# Coil build...FYI



## Marzuq

so seeing as im at work and have some time in between running scripts i decided to document my coil build findings.

28guage kanthal twisted
7 wraps
2mm ID

below displays the 7 wrap in ugly coil



once the coil is pinched neatly together. note the increase in resistance



with the wick both dry and juiced the resistance remained the same at 0.74 ohm





and just for fun i fired her up



now i have noticed over a short period that the resistance tends to drop. i wonder if the drop will take it back to the first and initial ugly coil reading.

thought this was quite interesting.
apologies if i posted in the wrong forum

Reactions: Like 4


----------



## tetrasect

I don't understand why the resistance goes up when the coil is compressed.

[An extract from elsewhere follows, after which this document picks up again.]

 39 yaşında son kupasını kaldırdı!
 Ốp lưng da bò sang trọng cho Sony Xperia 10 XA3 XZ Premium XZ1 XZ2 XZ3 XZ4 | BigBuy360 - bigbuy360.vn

Surely the resistance should come down, since there is now a shorter path and better contact between the posts compared to a straight run of wire...???

Anyone have an explanation?


----------



## Marzuq

tetrasect said:


> I don't understand why the resistance goes up when the coil is compressed.
> 
> Surely the resistance should come down, since there is now a shorter path and better contact between the posts compared to a straight run of wire...???
> 
> Anyone have an explanation?


 
i would have thought a small drop once squeezed together

also as a side note the ugly coil lights up faster


----------



## tetrasect

I guess the reason the resistance drops after some use is due to the coil uncompressing itself. A thicker wire might prevent that...


----------



## Marzuq

tetrasect said:


> I guess the reason the resistance drops after some use is due to the coil uncompressing itself. A thicker wire might prevent that...


 
ive not seen any of my coils decompress itself over time. with that i also change my rayon wick coils every second day and if i use cotton wicks once a day .

maybe @johan can shed some light on the matter?


----------